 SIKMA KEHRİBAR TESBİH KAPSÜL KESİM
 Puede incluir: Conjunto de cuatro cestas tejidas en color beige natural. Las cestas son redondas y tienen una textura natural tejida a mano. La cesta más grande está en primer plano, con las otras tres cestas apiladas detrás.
...
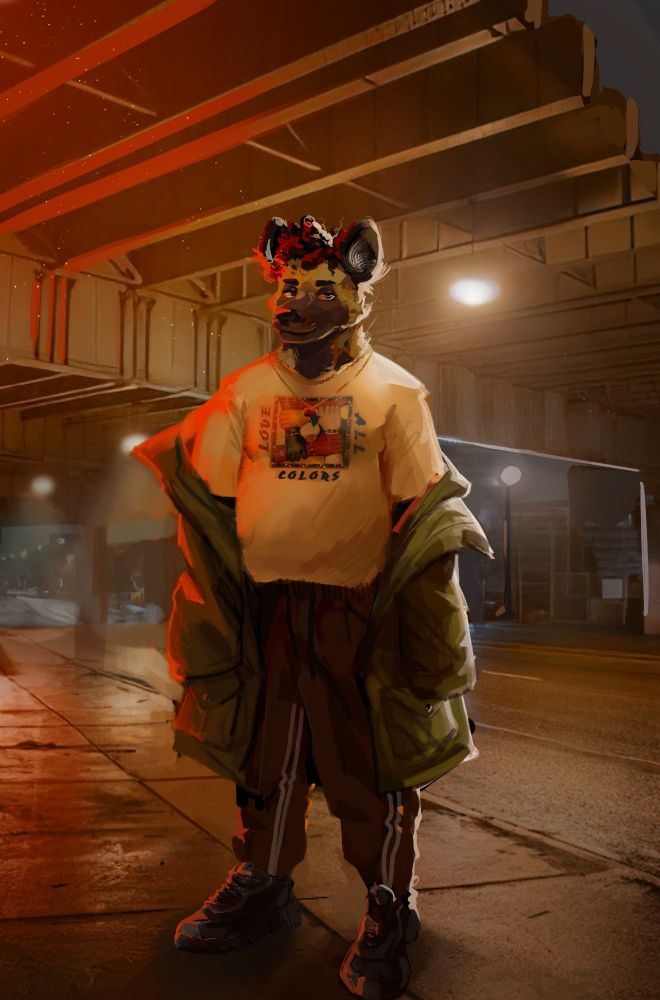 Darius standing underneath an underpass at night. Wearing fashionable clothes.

(Required work) Print exactly the lines of the listing above starting at the line containing "SIKMA KEHRİBAR TESBİH KAPSÜL KESİM" and ending at the line containing "Puede incluir: Conjunto", both included.

(Answer section)
 SIKMA KEHRİBAR TESBİH KAPSÜL KESİM
 Puede incluir: Conjunto de cuatro cestas tejidas en color beige natural. Las cestas son redondas y tienen una textura natural tejida a mano. La cesta más grande está en primer plano, con las otras tres cestas apiladas detrás.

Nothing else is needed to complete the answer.